“Yo Soy Joaquin sang to me, it played on my heart strings and it spoke the words a 9-year-old boy didn't have,” Trujillo y Fuentes explained. “So I love it.” Trujillo y Fuentes has gained greater intimacy with the work by adapting it for the stage, a performance he will return to Albuquerque with on Sept. 13, 14 and 15, at the South Broadway Cultural Center (1025 Broadway Blvd. SE) with guest performers Jessica Helen Lopez and Mae Spotted Bear. Ahead of the event, Trujillo y Fuentes described his relationship with the singular poem, and the evolution of how he has engaged with it.
Alibi: What was your first experience of the poem?
Trujillo y Fuentes: My first experience with the poem was when I was about 9-years-old. Hearing it was cathartic because by the time I was 9 I had already experienced many of the situations the poem speaks of. … By 9 I had already experienced three years of working in the fields, picking corn, green beans, onions and other crops. It was a terrible feeling to see the farmers' kids going to piano lessons, the swimming pool or coming home with ice cream, in an air conditioned car. There I was, a child, standing under the hot son—no shade, no bathrooms—and not a glance from the farmers' kids. So hearing the poem gave me a great sense of crying out. … I have had that poem in every cell in my body, in my cell memory for about 54 years.
When did you decide you wanted to adapt and perform it?
In 1981 I met Andres Valdez, a well-known political activist, and [when I] visited his office I saw a copy of … the poem laying on his desk. I picked the book up and once again my heart began beating, I almost wept as I looked at the photos that illustrated the words, all those memories came welling up and I knew that the poem needed to be revived. Shortly after that I met Rhonda Stanfield who was a high school teacher, and she invited me to do a summer youth workshop with students at Los Lunas High School. Her intent was to bring the Chicano and Mexican youth together to work on a project, as there was a divide between them.

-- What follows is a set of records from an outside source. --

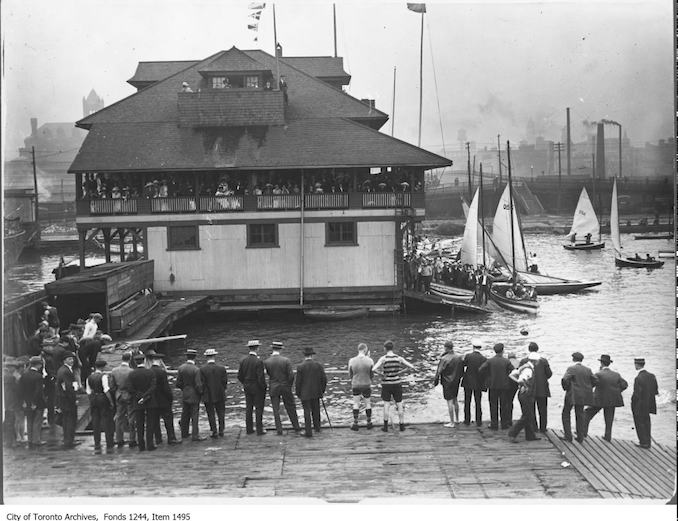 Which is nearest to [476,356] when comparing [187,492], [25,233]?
[187,492]

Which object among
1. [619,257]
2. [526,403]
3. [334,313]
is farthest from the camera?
[619,257]

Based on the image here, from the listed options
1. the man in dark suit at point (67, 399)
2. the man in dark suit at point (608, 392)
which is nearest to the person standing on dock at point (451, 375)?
the man in dark suit at point (608, 392)

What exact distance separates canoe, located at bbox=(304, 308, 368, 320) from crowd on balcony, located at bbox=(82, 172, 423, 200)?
15.7 feet

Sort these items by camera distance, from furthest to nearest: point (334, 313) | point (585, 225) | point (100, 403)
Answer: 1. point (585, 225)
2. point (334, 313)
3. point (100, 403)

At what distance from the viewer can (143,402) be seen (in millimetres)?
13070

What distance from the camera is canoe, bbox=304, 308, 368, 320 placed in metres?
27.5

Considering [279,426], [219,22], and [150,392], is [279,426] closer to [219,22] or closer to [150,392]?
[150,392]

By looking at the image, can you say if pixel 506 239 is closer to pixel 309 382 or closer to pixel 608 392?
pixel 608 392

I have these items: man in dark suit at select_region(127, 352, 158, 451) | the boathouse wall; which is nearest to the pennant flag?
man in dark suit at select_region(127, 352, 158, 451)

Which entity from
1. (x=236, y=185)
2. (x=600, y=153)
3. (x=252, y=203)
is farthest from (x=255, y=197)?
(x=600, y=153)

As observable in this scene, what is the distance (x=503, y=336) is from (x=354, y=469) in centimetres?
1344

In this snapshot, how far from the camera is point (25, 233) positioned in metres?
22.4

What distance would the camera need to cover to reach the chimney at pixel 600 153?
2054 cm

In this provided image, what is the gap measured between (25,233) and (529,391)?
1600 cm
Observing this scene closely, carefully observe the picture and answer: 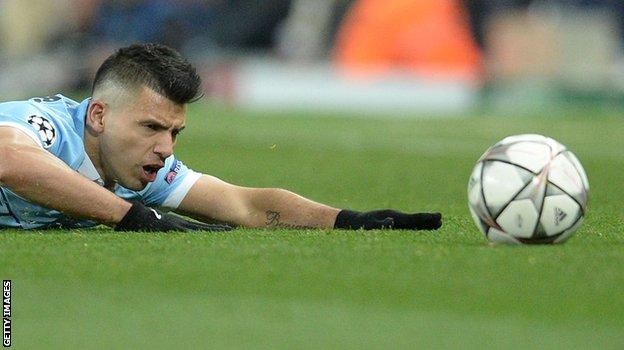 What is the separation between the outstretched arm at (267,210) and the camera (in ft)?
24.2

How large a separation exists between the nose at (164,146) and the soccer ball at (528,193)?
1.58 meters

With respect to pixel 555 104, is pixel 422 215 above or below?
above

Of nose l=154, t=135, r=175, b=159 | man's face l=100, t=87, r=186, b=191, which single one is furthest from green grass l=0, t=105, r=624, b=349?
nose l=154, t=135, r=175, b=159

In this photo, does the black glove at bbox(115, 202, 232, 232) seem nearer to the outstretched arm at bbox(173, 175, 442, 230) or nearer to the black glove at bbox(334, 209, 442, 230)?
the outstretched arm at bbox(173, 175, 442, 230)

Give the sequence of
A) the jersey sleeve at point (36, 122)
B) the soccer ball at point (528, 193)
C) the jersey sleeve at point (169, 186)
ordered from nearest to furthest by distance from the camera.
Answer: the soccer ball at point (528, 193)
the jersey sleeve at point (36, 122)
the jersey sleeve at point (169, 186)

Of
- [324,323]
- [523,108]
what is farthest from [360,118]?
[324,323]

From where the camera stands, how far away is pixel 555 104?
2292 centimetres

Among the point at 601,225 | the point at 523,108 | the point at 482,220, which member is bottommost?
the point at 523,108

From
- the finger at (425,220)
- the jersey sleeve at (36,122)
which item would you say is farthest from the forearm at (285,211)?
the jersey sleeve at (36,122)

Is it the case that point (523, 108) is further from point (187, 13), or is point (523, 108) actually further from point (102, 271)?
point (102, 271)

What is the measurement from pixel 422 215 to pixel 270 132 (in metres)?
11.1

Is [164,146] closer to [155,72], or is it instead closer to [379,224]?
[155,72]

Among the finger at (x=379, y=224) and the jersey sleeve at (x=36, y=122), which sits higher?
the jersey sleeve at (x=36, y=122)

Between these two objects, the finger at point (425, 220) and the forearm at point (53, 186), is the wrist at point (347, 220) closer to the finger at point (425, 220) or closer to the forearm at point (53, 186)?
the finger at point (425, 220) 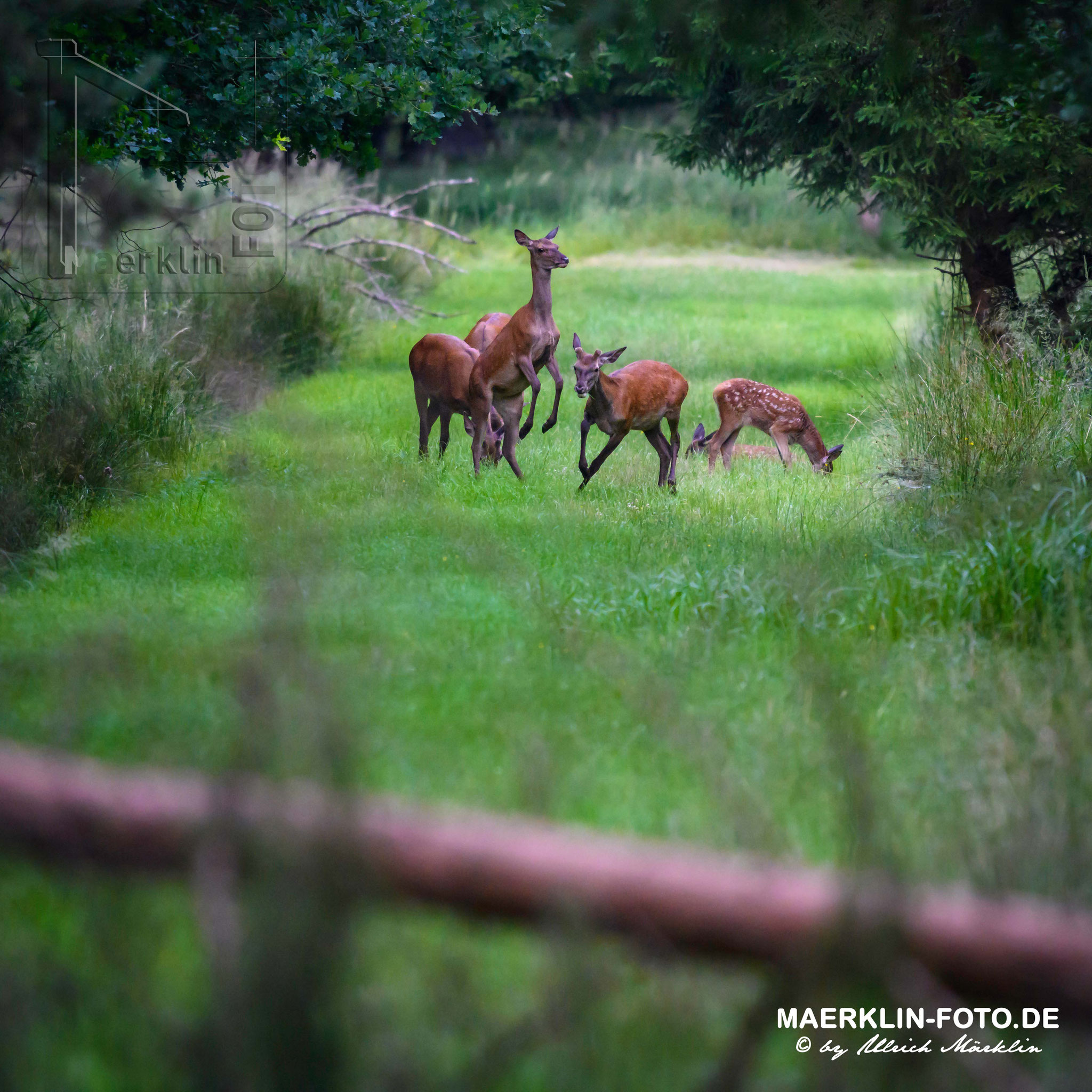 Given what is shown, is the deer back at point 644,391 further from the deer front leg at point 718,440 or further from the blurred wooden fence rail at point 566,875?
the blurred wooden fence rail at point 566,875

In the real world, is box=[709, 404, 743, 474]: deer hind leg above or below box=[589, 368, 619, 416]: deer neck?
below

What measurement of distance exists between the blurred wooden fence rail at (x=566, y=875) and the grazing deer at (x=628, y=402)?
7.35 meters

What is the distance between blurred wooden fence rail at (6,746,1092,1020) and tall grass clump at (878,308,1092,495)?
5587 mm

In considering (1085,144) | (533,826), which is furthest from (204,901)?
(1085,144)

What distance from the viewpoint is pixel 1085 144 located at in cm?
1170

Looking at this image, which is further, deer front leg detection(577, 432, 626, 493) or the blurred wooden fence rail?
deer front leg detection(577, 432, 626, 493)

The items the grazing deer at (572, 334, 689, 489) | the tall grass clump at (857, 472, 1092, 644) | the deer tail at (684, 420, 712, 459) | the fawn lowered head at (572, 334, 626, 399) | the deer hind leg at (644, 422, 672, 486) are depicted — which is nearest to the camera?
the tall grass clump at (857, 472, 1092, 644)

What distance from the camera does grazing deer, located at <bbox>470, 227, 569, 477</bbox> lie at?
33.9 ft

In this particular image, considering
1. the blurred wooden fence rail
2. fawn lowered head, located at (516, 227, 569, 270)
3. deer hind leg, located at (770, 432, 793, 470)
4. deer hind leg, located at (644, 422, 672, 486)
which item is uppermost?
fawn lowered head, located at (516, 227, 569, 270)

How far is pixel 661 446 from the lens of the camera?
10.8 meters

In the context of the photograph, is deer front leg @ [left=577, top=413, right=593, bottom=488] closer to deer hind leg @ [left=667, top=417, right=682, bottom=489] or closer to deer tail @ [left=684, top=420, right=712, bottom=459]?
deer hind leg @ [left=667, top=417, right=682, bottom=489]

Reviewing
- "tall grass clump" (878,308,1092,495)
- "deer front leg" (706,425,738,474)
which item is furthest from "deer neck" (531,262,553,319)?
"tall grass clump" (878,308,1092,495)

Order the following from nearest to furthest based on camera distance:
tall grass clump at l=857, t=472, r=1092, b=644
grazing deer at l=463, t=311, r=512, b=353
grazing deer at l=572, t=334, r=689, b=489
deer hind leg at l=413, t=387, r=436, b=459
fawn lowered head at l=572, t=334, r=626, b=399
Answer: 1. tall grass clump at l=857, t=472, r=1092, b=644
2. fawn lowered head at l=572, t=334, r=626, b=399
3. grazing deer at l=572, t=334, r=689, b=489
4. deer hind leg at l=413, t=387, r=436, b=459
5. grazing deer at l=463, t=311, r=512, b=353

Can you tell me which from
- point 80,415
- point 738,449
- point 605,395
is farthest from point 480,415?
point 738,449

Rhonda wanted to bridge the gap and show the kids their similarities instead of their differences—[mainly] that the Mexican kids had origins in Mexico and the Chicano kids had origins on the north side of the border. … I decided to do the poem [again] in 2016 at the National Hispanic Cultural Center as a one-man show. … Little did I know, I was actually preparing to do a bigger and better show this September [and] was getting ready to make a big statement to the current administration. … While some people are marching in the streets … I, as an artist, decided to take my protest to the stage, to protest in a loving, gentle and aesthetic way.
Do you feel like you have a deeper understanding of the poem now?
Like any work that one reads or studies there will always be little nuggets of information to be discovered. Each time I rehearse and learn the words I find nuances in the delivery and I contextualize the love and the hate of the poem, the bittersweet and the joy. I love finding the emotional undercurrents and the moments of exclamation.
Did you see a need to share this work with others?
We need to re-establish a brown cultural narrative. We aren’t taught about our other forefathers—Emiliano Zapata, Pancho Villa (his real name, and I wish it would be used, is José Doroteo Arango Arámbula). We aren’t taught about that narrative in school; we aren’t taught that there were times when the Mexicans and the Natives sent the calvary fleeing for their lives, because it doesn’t fit the white narrative. I claim two languages, I claim two flags and I claim two political origins. Most young people and even the veteranos—the older, wiser ones—don’t know about the concept of Aztlan. … So yes, I see a desperate need to share this poem.
What do you hope people might walk away with?
I see that people will come away with a renewed appreciation and love for who they are and their roots.